[[ Provided material, beginning ]]

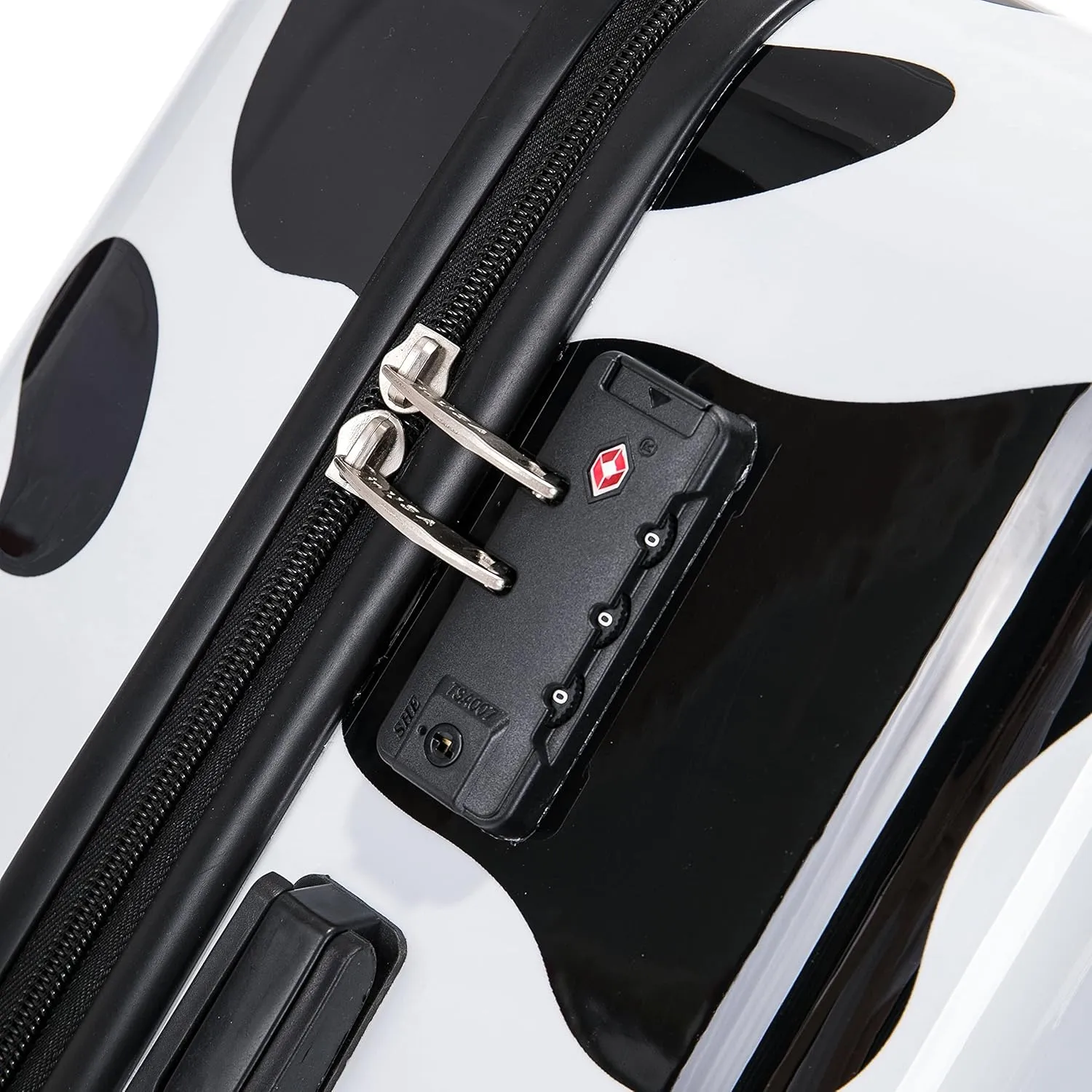 InUSA Cow Print Luggage with Spinner Wheels | Durable Lightweight Hardside Suitcase | Travel Bag with Handle and Trolley | 20-Inch Carry On Small Luggage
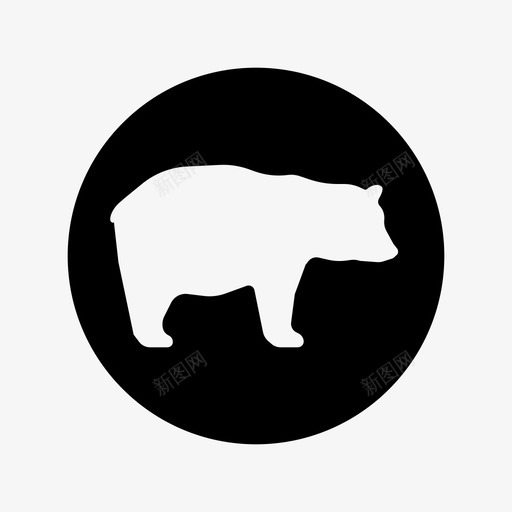 熊动物灰熊图标svg_新图网 https://ixintu.com 动物 图标 泰迪 灰熊 熊图标 野生动物
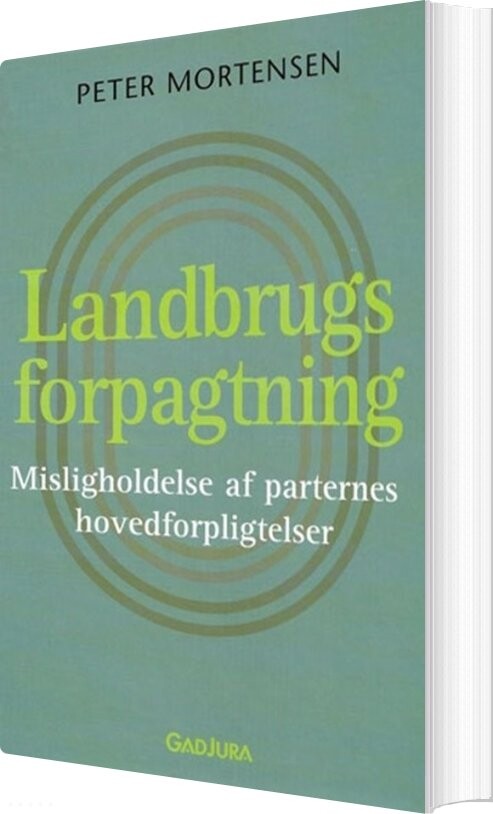 Billede af Landbrugsforpagtning - Peter Mortensen - Bog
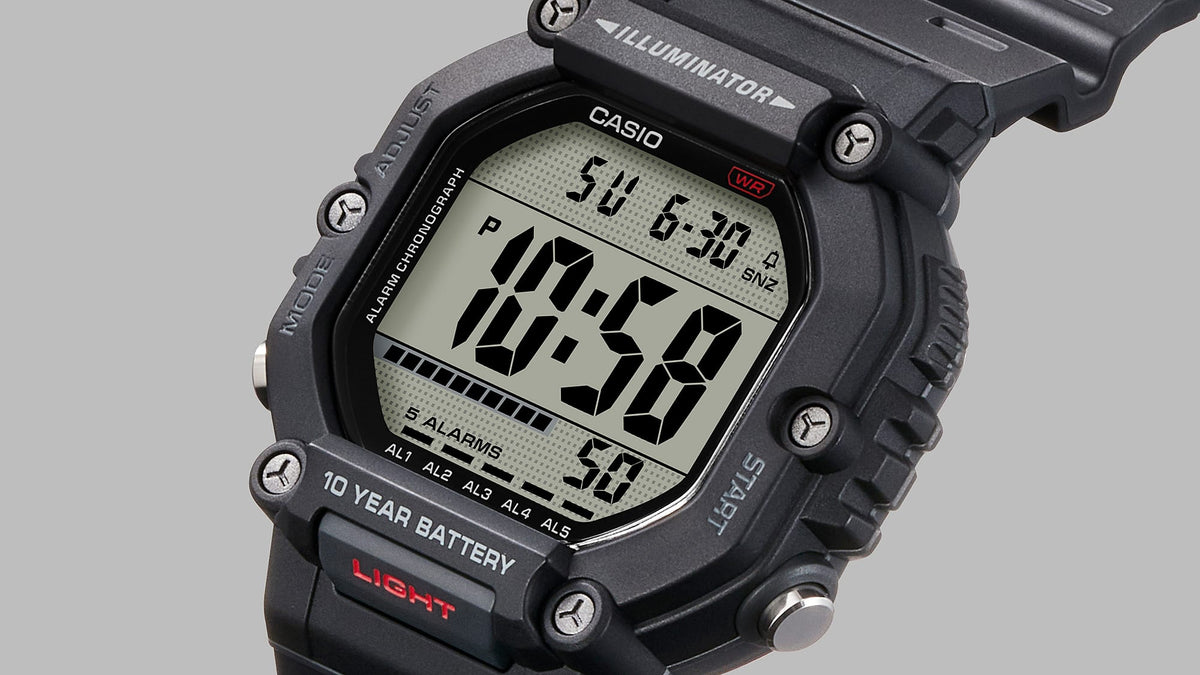 AE-1600 Reloj Casio unisex correa de resina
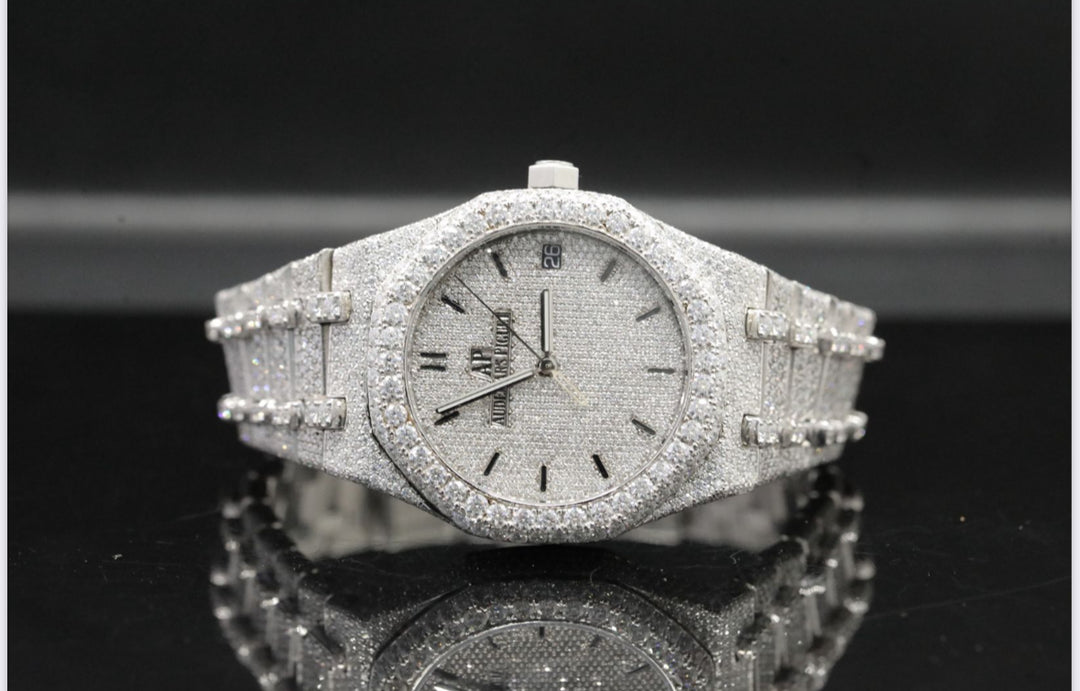 High quality moissanite fully iced out diamond watch for men & women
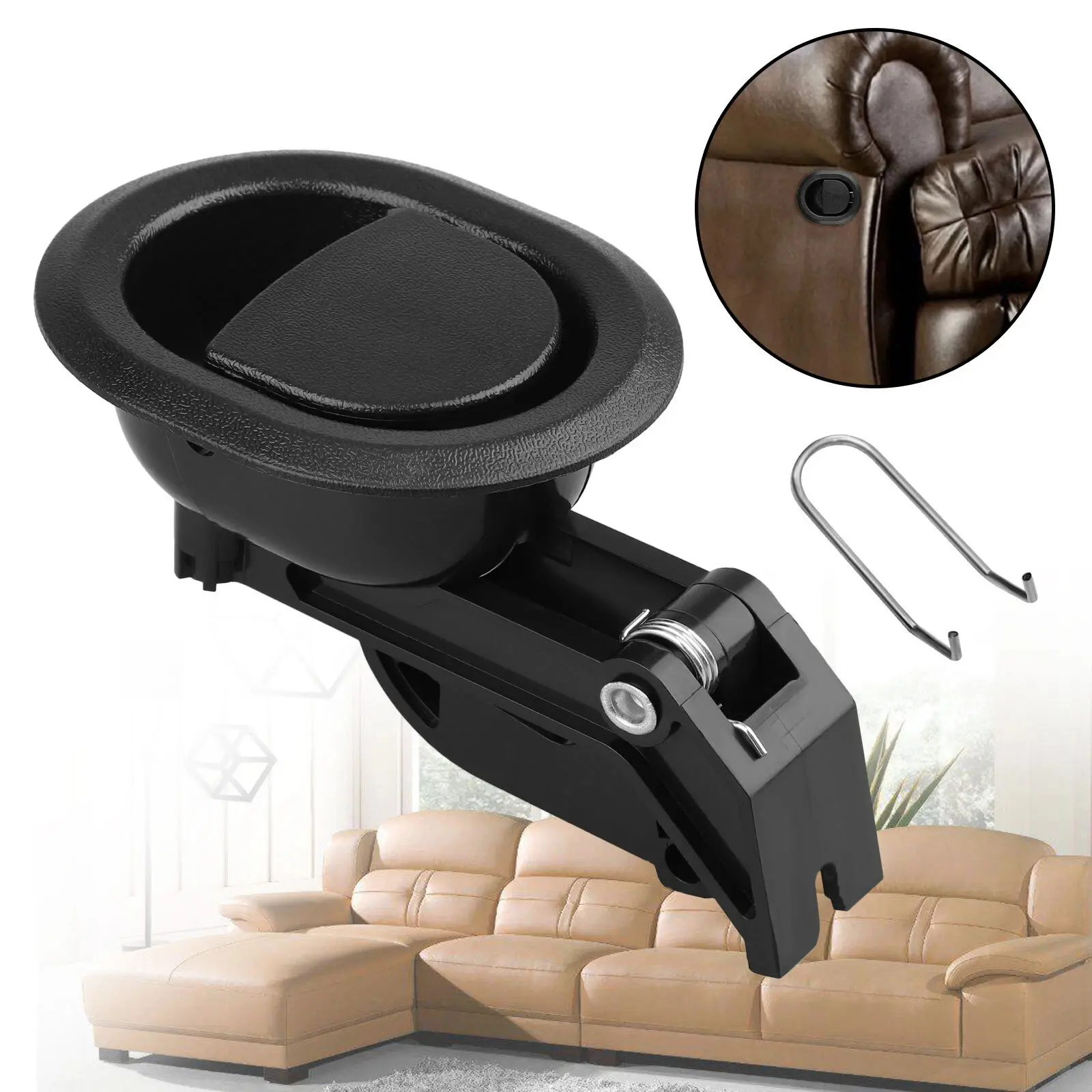 Universal Recliner Replacement Pull Handle Release Lever for Chair Sofa Couch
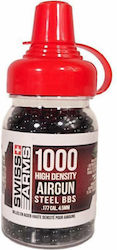 Swiss Arms High Density Airgun Steel BBs Black 1000τμχ 4.5mm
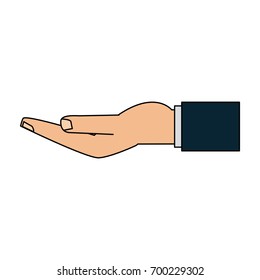 open hand with palm up icon image 
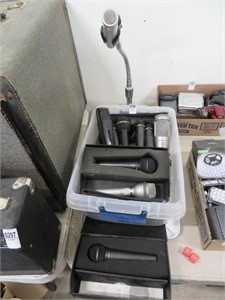 microphones, holders, stand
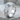 Blue Topaz Crest Spinner Ring, polished silver product view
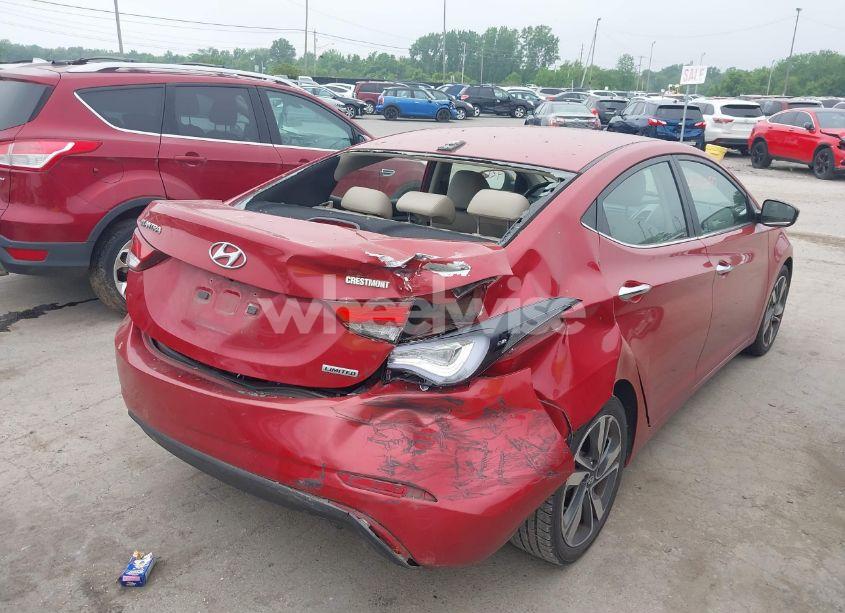 Photo 6 of 2014 Hyundai Elantra LIMITED (VIN KMHDH4AEXEU129645)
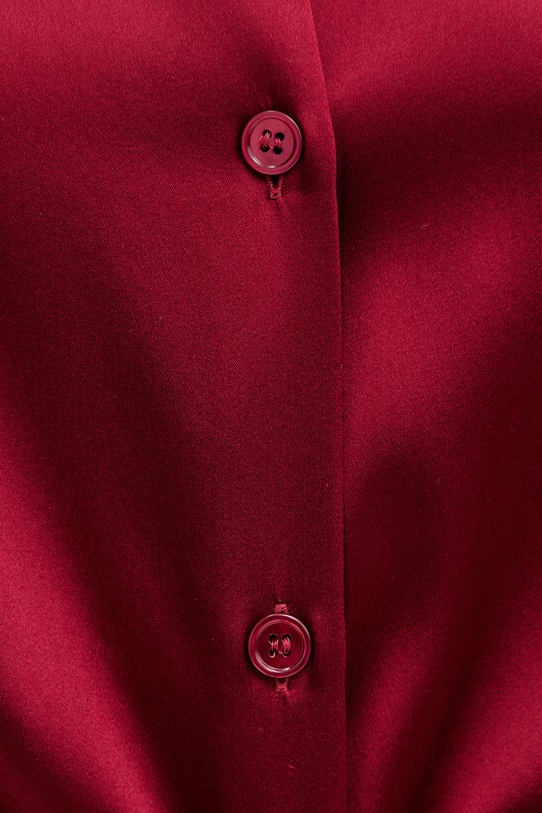 MM by Max Mara koszula z dodatkiem jedwabiu QUARTO 2616111047600 czerwony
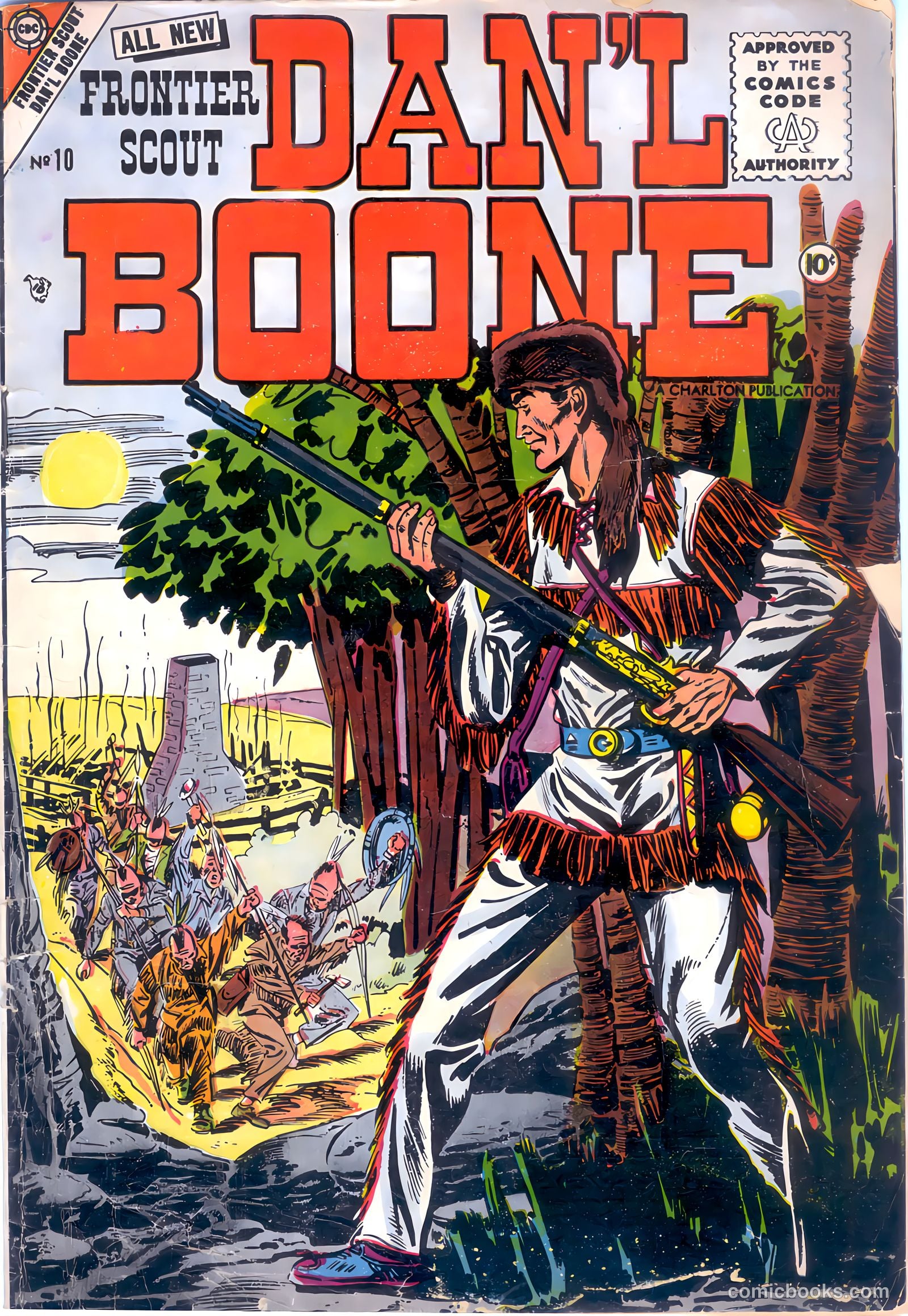 Frontier Scout, Dan'l Boone #10 — page 1 of 36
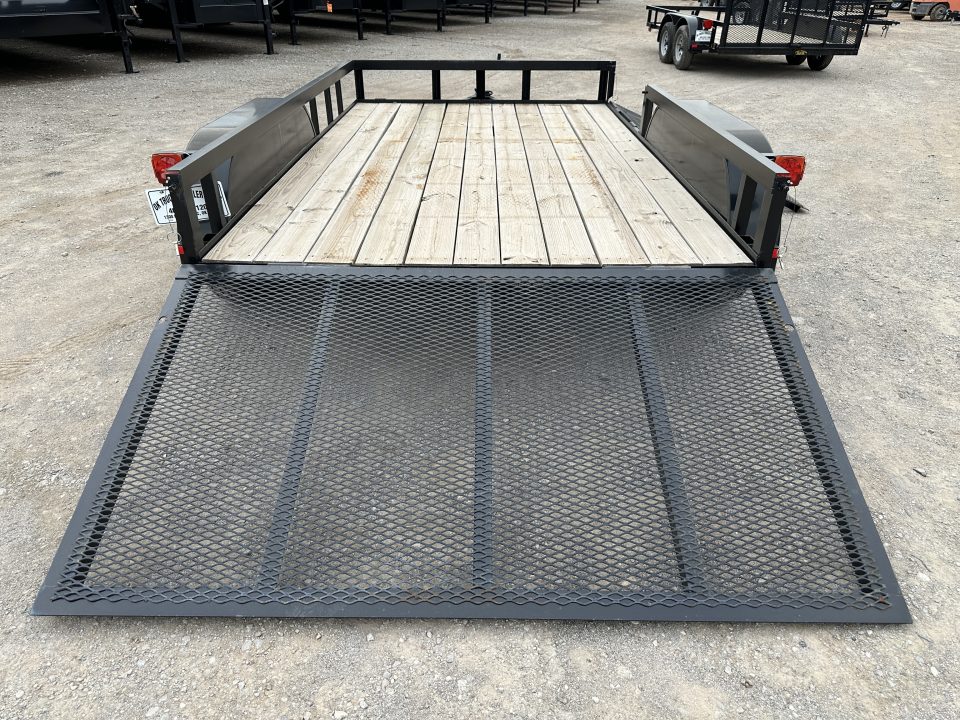 New 2024 Road Boss 83"x12' Bumper Pull w/4' Rear Gate & 4' Side Gate ATV Trailer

[[ Provided material, end ]]

Problem statement: Nothing should appear in the answer except the lines from the first line of the data through the line holding "AE-1600 Reloj Casio unisex correa de resina", exactly as written, with pictures left out.

Written answer:
 InUSA Cow Print Luggage with Spinner Wheels | Durable Lightweight Hardside Suitcase | Travel Bag with Handle and Trolley | 20-Inch Carry On Small Luggage
 熊动物灰熊图标svg_新图网 https://ixintu.com 动物 图标 泰迪 灰熊 熊图标 野生动物
 Billede af Landbrugsforpagtning - Peter Mortensen - Bog
 AE-1600 Reloj Casio unisex correa de resina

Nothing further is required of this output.